The San Diego Association of Governments (SANDAG) board decided Friday to put an end to the idea of imposing a road usage fee, or vehicle miles traveled (VMT) tax, any time soon.
The board voted overwhelmingly to permanently remove it from the latest iteration of the “regional transportation plan” and ordered staff to do nothing to promote the idea at any legislative level.
That regional transportation plan will now be stripped of the VMT – which involved a charge of 3.3 cents per mile – that was expected to generate billions of dollars each year, money that for the most part would have been spent on transit initiatives.
SANDAG is what is known as an MPO, or metropolitan planning organization, of which there are dozens scattered around population centers across the country. MPOs are run by boards made up of local elected officials and set regional transportation priorities and act as a conduit for federal funding (they were originally created to force big cities to share fed money with their neighboring communities and suburbs.)
Unlike most other MPOs – such as the Southern California Association of Governments (SCAG) that covers most of the rest of southern California – SANDAG not only plans transportation projects but actually builds them, and in the case of mass transit, operates them, too, giving it an enormous amount of power in San Diego County.
Briefly, a VMT is a direct tax on driving instead (theoretically, very theoretically) of the gas taxes currently paid at the pump.

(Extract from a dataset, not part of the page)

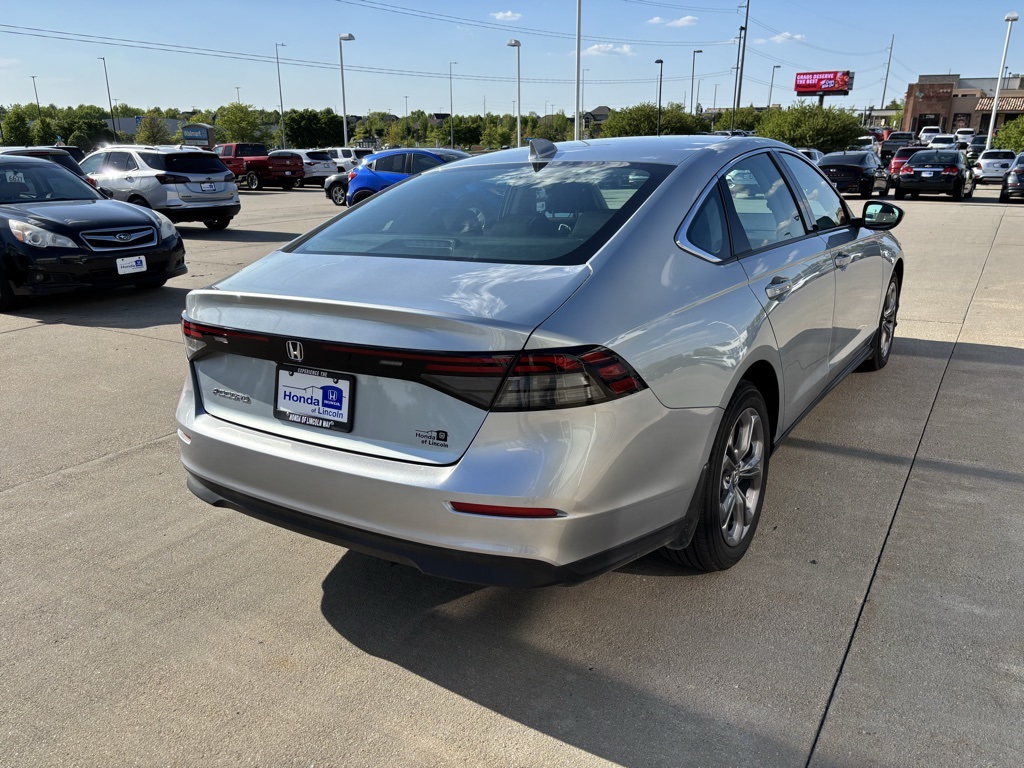 2024 Honda Accord EX photo 5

This would involve – almost certainly – an intrusive method to track the vehicle at all times to determine the taxes owed.

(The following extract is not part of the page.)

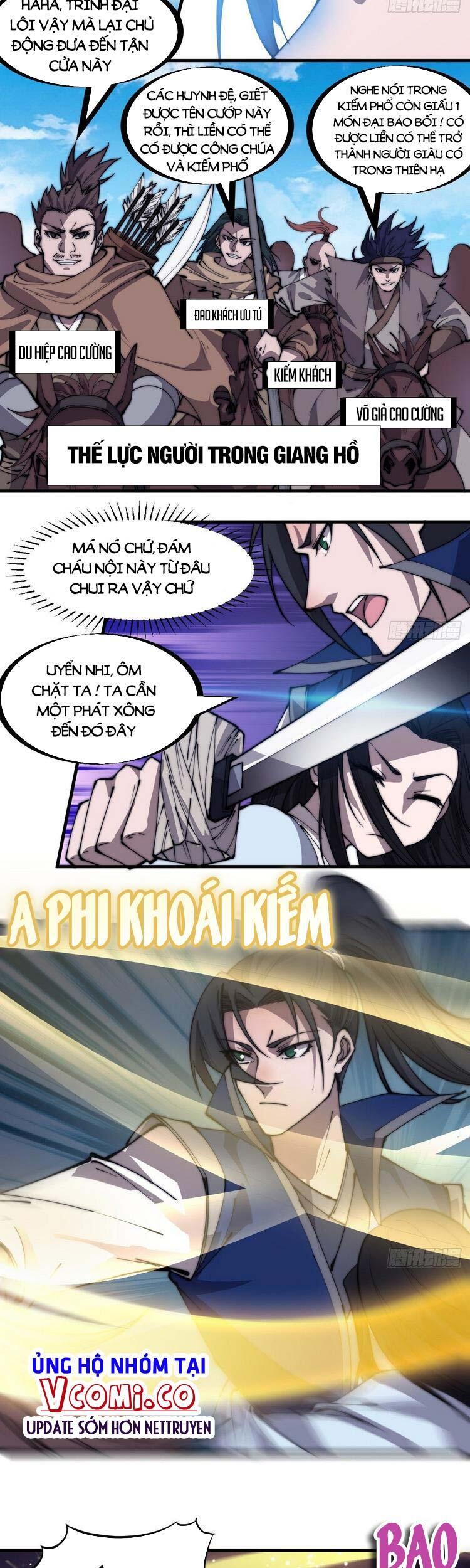 Ta Có Một Sơn Trại Chap 265 - Next Chap 266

While SANDAG had contemplated a simple mile by mile tax, VMT’s have multiple potential permutations, from simply charging a flat rate per mile driven to modifying the rate depending upon when the car is driven (higher for rush hour, for example,) to charging more based on where the car is driven (known as cordon pricing) or even how much the driver earns in a year – for a detailed breakdown of the possibilities, see here.
Besides raising money, VMTs are a staple of efforts to encourage people to live in higher density neighborhoods, drive less, and use public transit. These are, in part, the aims of a pilot VMT program expected to be rolled out in Los Angeles County in about two years.
Friday, members of the public decried the concept as being antithetical to the freedom of movement that American cherish and board members noted how deeply unpopular the concept is, both because of the fee and because of the inherent invasion of privacy involved.
Local officials have already faced intense public pressure over the idea, with even some normally “progressive” electeds shying away at times.
Another reason the idea is detested by local officials is the fact that they are the people who must enact and enforce the concept, putting their political careers in jeopardy. The SANDAG plan that originally contained the VMT was in part a response to ever-tightening CalTrans regulations and strictures, regulations put in place by legislators who cannot realistically be politically punished.
In other words, Sacramento pols are telling locals what hill to die on and local officials – most of whom already loathe the concept – do not appreciate that.
The death of the VMT comes only two months after the tax’s biggest booster – SANDAG Executive Director Hasan Ikhrata – announced his resignation.
While LA Metro will most likely plow ahead with its pilot program, SANDAG’s decision to axe the idea should be seen as a victory for common sense and personal privacy rights.